18. La kafala peut-elle donner suite à une adoption?

Depuis la nouvelle loi sur l'adoption, toute procédure d’adoption en faveur d’adoptants résidants en Belgique, doit être initiée et encadrée en Belgique. En effet, les futurs adoptants doivent suivre, préalablement à toutes démarches à l’étranger, une préparation à l’adoption et obtenir un jugement belge les déclarant qualifiés et aptes à adopter un enfant. Tout contact préalable avec l’enfant est interdit sauf s’il existe avec celui-ci un lien de famille au sens large.

Cette interdiction de contacts préalables limite fortement les possibilités d’adoption en faveur de la personne qui a pris un enfant en charge (hors lien familial au sens large).  

Par ailleurs, l’adoption d’un enfant résidant dans un Etat qui ne connaît pas de l’adoption (tel le Maroc), peut être prononcée en Belgique mais sous certaines conditions particulières dont celle notamment que l’enfant doit être orphelin de père et de mère ou avoir été abandonné et placé sous la tutelle de l'autorité publique (art. 361-5 C.civ.).
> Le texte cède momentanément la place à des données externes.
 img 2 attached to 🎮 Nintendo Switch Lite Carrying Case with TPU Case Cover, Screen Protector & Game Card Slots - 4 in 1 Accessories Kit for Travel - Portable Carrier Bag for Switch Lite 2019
Toutefois, lors de la modification de la loi sur l’adoption, de mesures transitoires ont été prises concernant la situation des enfants placés sous kafala avant le 26 décembre 2005 (date de l’entrée en vigueur de la loi du 6 décembre 2005 insérant l’article 365-1 C.civ.).  L’adoption en Belgique d’enfant confiée en kafala avant cette date sera facilitée, sous certaines conditions pouvant variées si la kafala a été prononcée avant le 1er septembre 2005 ou entre le 1er septembre 2005 et le 26 décembre 2005.

Dés lors, la personne qui souhaite adopter un enfant résidant au Maroc est tenue de prendre contacts avec les autorités belges compétentes en matière d’adoption avant d’entamer toute démarche relative à une kafala au Maroc.

Pour plus d’informations sur les autorités belges compétentes en matière d’adoption et sur les différentes conditions imposées en vue d’une adoption d’un enfant résidant au Maroc, voyez la Fiche pratique « Adoption », la Question « Est-il possible d’adopter un enfant qui réside dans un pays qui ne connaît pas de l’adoption ? ».

Bases légales


- Loi n°15-01 du 13 juin 2002 relative à la prise en charge (kafala) des enfants abandonnés, Dahi n°1.02.172 du 1er rebia II 1423, Bulletin Officiel n° 5036 du Dimanche 15 Septembre 2002.
- Décret n°2-03-600 du 18 rabii II 1425 du 7 juin 2004 portant application de l’article 16 de la loi n°15-01 relative à la prise en charge des enfants abandonnés.